上場企業で取組むTCFDの枠組みに沿った情報開示と効率化のポイント

■記事の要約

 気候変動が企業経営に与える影響が増す中、TCFDの枠組みに基づく情報開示が重要視されています。これを進めるにあたり、上場企業はデータ収集やリスク評価の難しさ、社内連携の課題を抱えるが、デジタルツール活用や専門家支援により効率化が可能です。透明性の高い情報開示が企業価値向上につながります。

 温暖化の進行や異常気象の頻発により、企業の事業活動やサプライチェーンが大きな影響を受けるケースが増えています。そのため、投資家や規制当局は企業に対し、気候変動リスクに関する情報開示を求める動きを強めています。

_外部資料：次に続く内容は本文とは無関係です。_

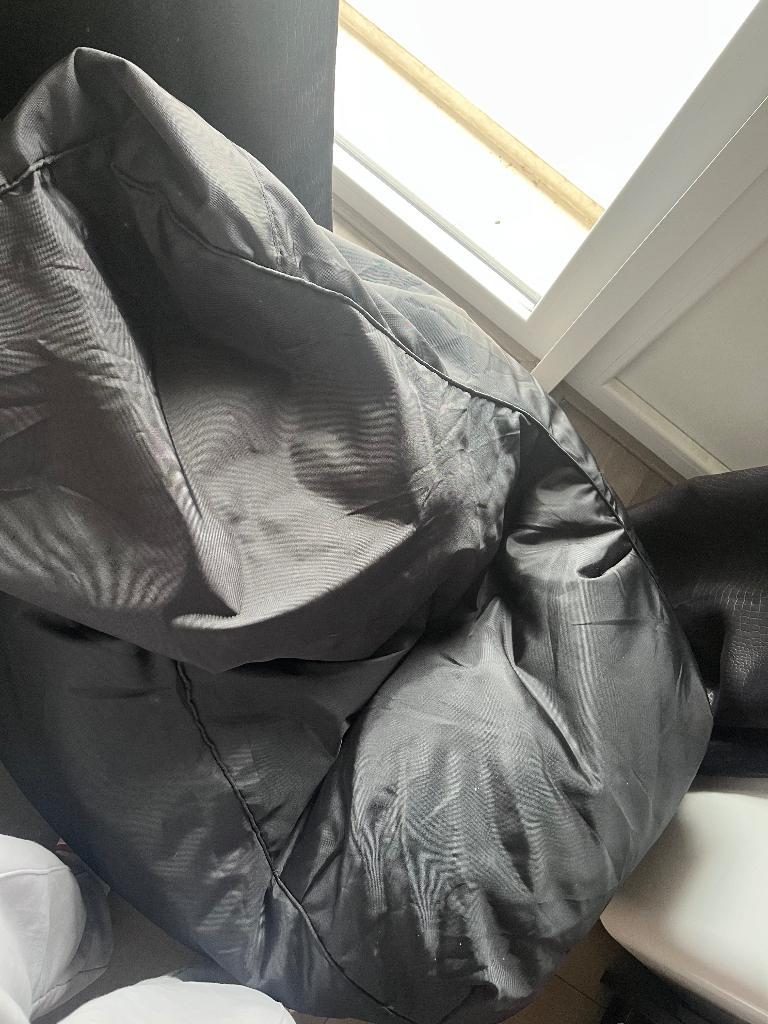 Zitzak zwart, Huis en Inrichting, Ophalen, Zo goed als nieuw, Zwart, Zitzak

 こうした状況の中で、企業が自社の気候変動リスクと機会を適切に開示するための枠組みとして広く採用されているのが、TCFD(Task Force on Climate-related Financial Disclosures、気候関連財務情報開示タスクフォース)の枠組みに沿った情報開示です。TCFDの枠組みに沿った情報開示は、企業の持続可能性を示すだけでなく、投資家との対話やリスク管理の観点からも重要性を増しています。しかし、多くの企業にとっては情報収集や分析、開示プロセスに課題があり、効率的な取り組みが求められています。本記事では、TCFDの概要を説明し、上場企業が直面する業務課題を整理した上で、具体的な解決手段や事例を紹介し、効率的なTCFD対応のポイントを探ります。

TCFDの概要

 TCFDは、金融安定理事会(FSB)によって2015年に設立され、2017年に最終報告書を公表しました。この報告書では、企業が気候関連の財務情報を開示するための推奨事項が示されており、投資家やステークホルダーが適切にリスク評価を行うための基準を提供しています。

TCFDの4つの柱

 TCFDの報告書では、企業が気候関連情報を開示する際に重視すべき4つの柱が定められています。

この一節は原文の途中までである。